Oooh, these cookies are good. They rounded up nicely – crispy on the edges, but chewy inside. Interesting, isn’t it, how just changing the proportions a little bit from the tried-and-true Tollhouse makes such a difference. Lower temp, different sugar levels. I’d like to write up the cookies on my own food blog (giving you all the credit, of course). Email me, would you? Are you okay with that? I’ve been baking a lot of CC cookies lately for a friend who has to gain some weight, and CC cookies are what she craves. I’ve been trying to keep her supplied. She’s going to love these because they’re chewy (I usually make thinner and more crispy ones).
I made your cookie recipe this week and the cookies were really good! To see them: http://tamiskitchentabletalk.blogspot.com/2009/03/when-i-came-across-recipe-for-chocolate.html
They turned out exactly as you’ve described them. Thanks for sharing your recipe!
Tami
Hi Carolyn! Please feel free to pass it on however you like! I found the recipe forever ago, didn’t bookmark it (just had it printed out and stuck in my folder), so I don’t know who the original credit should go to.

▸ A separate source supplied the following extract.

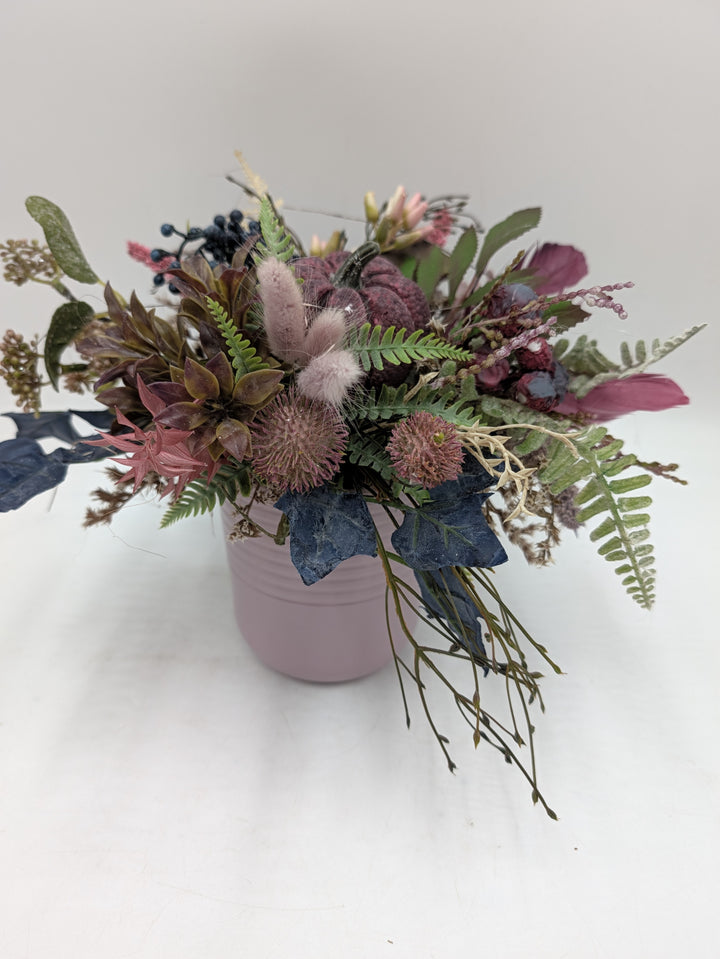 Herbstgesteck mit beerenrotem Kürbis, Farn, blauen Beeren und rosa Gräsern in altrosa Keramiktopf, seitlich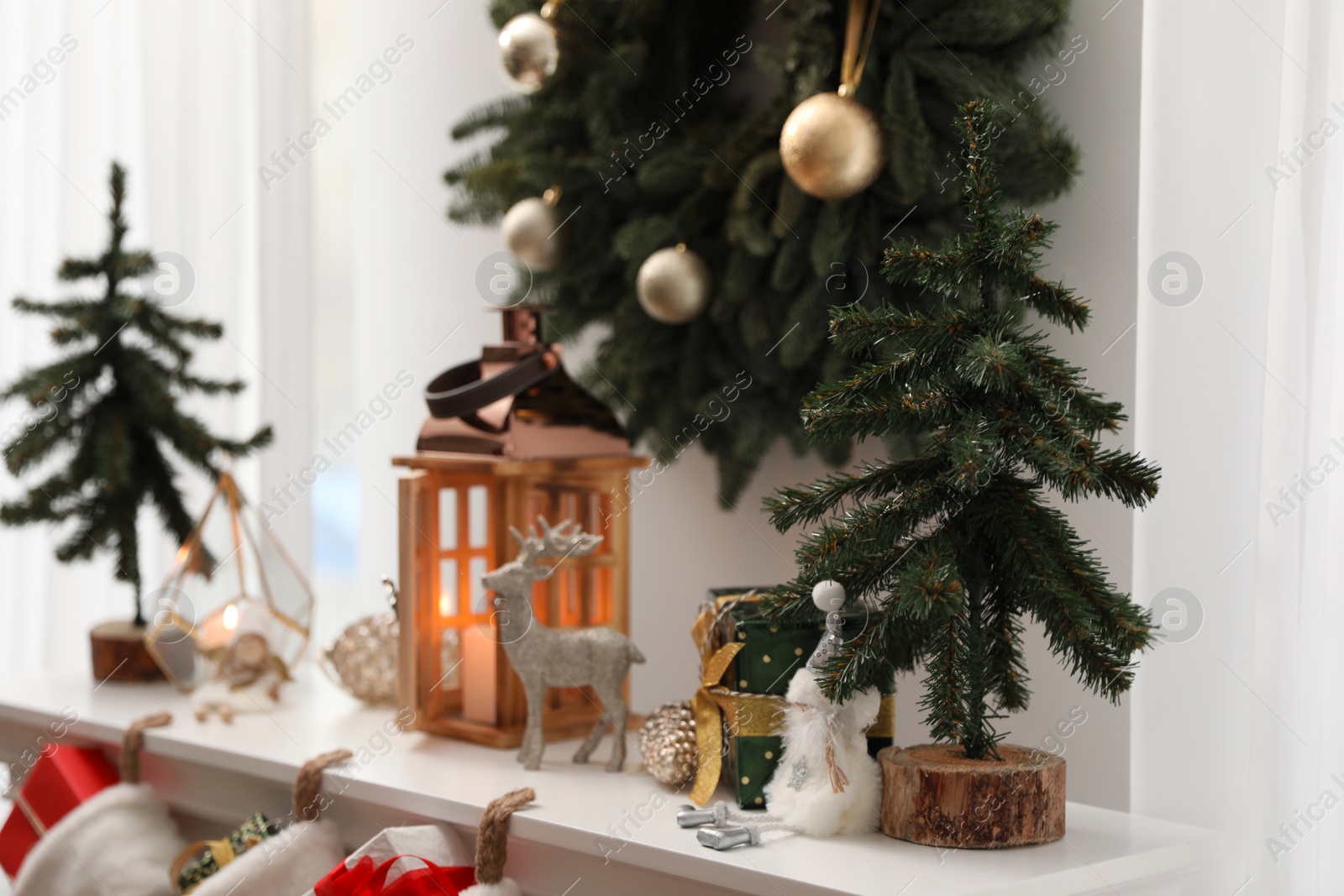 Photo of Different Christmas decorations in room. Interior design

Tami, you’re very welcome! I’m glad I could help spread the thick CCC love!
Ok so I have never baked before but this recipe sounds really good! So when you say butter, do you use unsalted butter? Just want this to come out great!
Hi Mani! In baking the default is usually unsalted butter unless otherwise specified, but all I had on hand when I made mine was salted, and they turned out perfectly!
If you only have salted butter as well but don’t want to use so much salt in the recipe you can scale back the 1/2 tsp to 1/4 or so.
Hi, I would like to try out this recipe as i love thick n chewy chocolate chip cookies too! But im not quite sure if the butter in this recipe is using melted butter or just softened butter? Thanks!
Hi Cindy! I use softened butter.
This is just a basic cookie recipe printed on the back of nestle tollhouse chocolate chips. Have you seriously never made these cookies before anyone???
Hi Kate, there are actually some significant differences between this recipe and Nestle’s Toll House recipe. Were you looking at a different one, perhaps? True, chocolate chip cookies all contain the same basic ingredients, but the measurements between the two -are- different, which would make for a different-tasting cookie. http://www.verybestbaking.com/recipes/specialty/nth-detail-occc.aspx
ur cookies!!!!!!!! I cannot believe how wonderful they came out! These cookies DO NOT taste like the store bought kind. I baked them the first time with a little bit of skeptism; however, once the first batch was done, I tried them and coudn’t stop eating them!!!!!!!! When I went to make a second batch, I think I use 1 tbs of baking powder, instead of 1/2 a tbs. Basically, my cookies came out a little more tougher this time as if I added too much flour, and they tasted more salitier also.I guessed I should have noticed it before I baked the cookies because the second time I baked them, when I added too much baking soda, I tasted the batter and it taste more saltier to me. Though, the batter (from the looks of it) look identically the same.